Gaza Doctor: “I Shall Not Hate”

Dr. Izzeldin Abuelaish was a rarity in the Middle East, a resident of Gaza with a permit to enter Israel because of his work. The son of refugees in the Gazan city of Jabaliya, he saw himself as a bridge between the two distrustful cultures, and his life was often put forward as an example of the kind of reconciliation that might one day rescue the region from its cycles of violence.

He was well known as a campaigner for women’s rights and for his joint projects with Israeli physicians, bringing injured and ill Gazans for treatment in Israel and researching the effects of conflict-related stress on Palestinian children in Gaza and Israeli children in Sderot, the Israeli border town that has frequently been the target of Gazan rocket fire.

Then in January 2009, during the three-week war in Gaza, tragedy struck, challenging in the most poignant way imaginable his faith in his life’s work. Israeli tank shells slammed into his Gaza Strip apartment, killing three of his daughters and costing another her sight in one eye.

His anguished response brought him global acclaim. Rather than seek revenge, he appealed for a new dedication to peaceful dialogue and an end to violence.

He set up a foundation called Daughters for Life to memorialize his children and provide scholarships for young women in the Middle East.
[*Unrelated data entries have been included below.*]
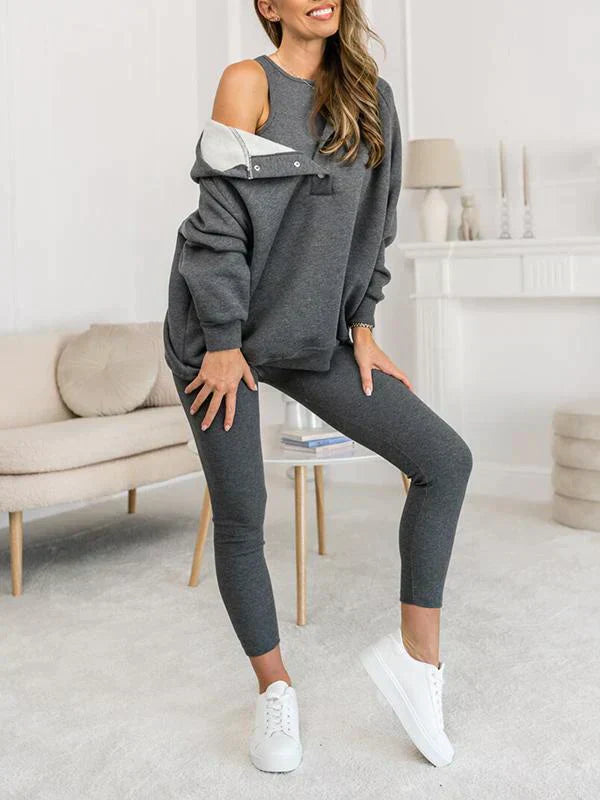 Fillie™ - Kapuzen-Sweatshirt-Anzug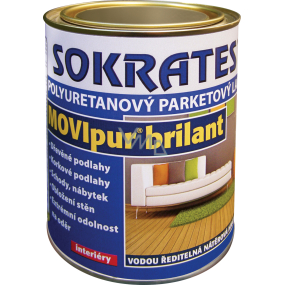 Sokrates Movipur Brilant Polomat Parkettlack für Fußböden, 2 kg
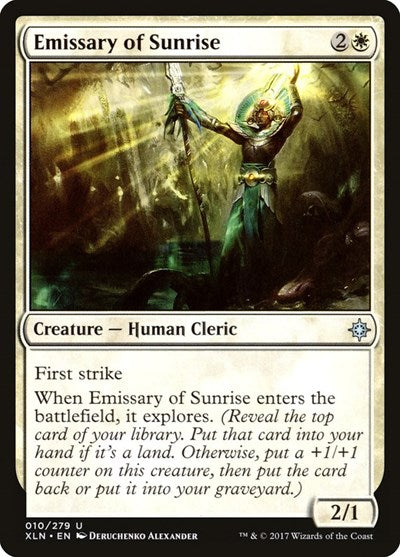 Emissary of Sunrise (XLN) #10 Uncommon (Lightly Played) Ixalan Magic: The Gathering: 2017
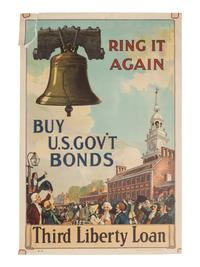 [WWI-WWII]. 14 World War I and Word War II posters, incl. examples by CHRISTY, HIRSCH, & ROCKWELL.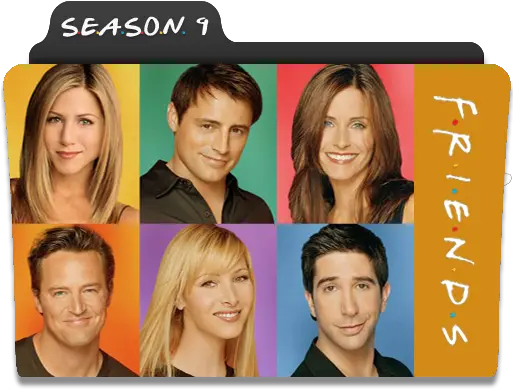 Friends S09 Icon 512x512px Png Friends Season 1 Folder Icon Friends Folder Icon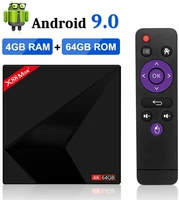 Odtwarzacz multimedialny tuner TV box Turewell V88 Max Android 9.0 4GB 64GB widok zestawu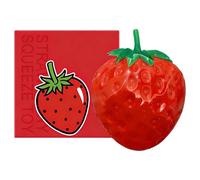 Sensory Squeeze Toy, Funny Strawberry Supply, Cute Decor with Playful Style, Toy for Home School, Stress Aid, Practical Tool for Office Car Travel Desk Waiting Room Holiday Celebration Event Gathering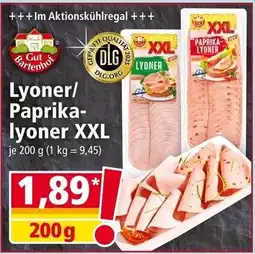 Norma Lyoner/ Paprika- lyoner XXL Angebot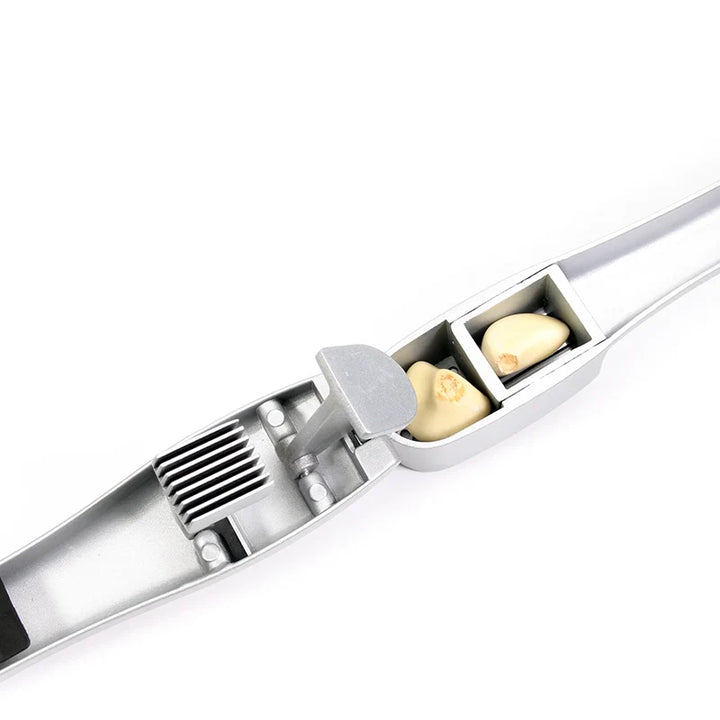 Multifunction Aluminum Garlic Press Set with Silicone Tube Roller | Bowlift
And he wrote a powerful memoir reaffirming his belief that the decades-long conflict will be transformed only when individual Palestinians and Israelis recognize their shared precarious humanity.

It is called I Shall Not Hate: A Gaza Doctor’s Journey on the Road to Peace and Human Dignity, and on April 25th, Dr. Abuelaish gave a very moving account to a hushed audience at IPI of the experience and his abiding belief in the possibilities of peace.

The talk was moderated by Warren Hoge, IPI’s Vice President for External Relations.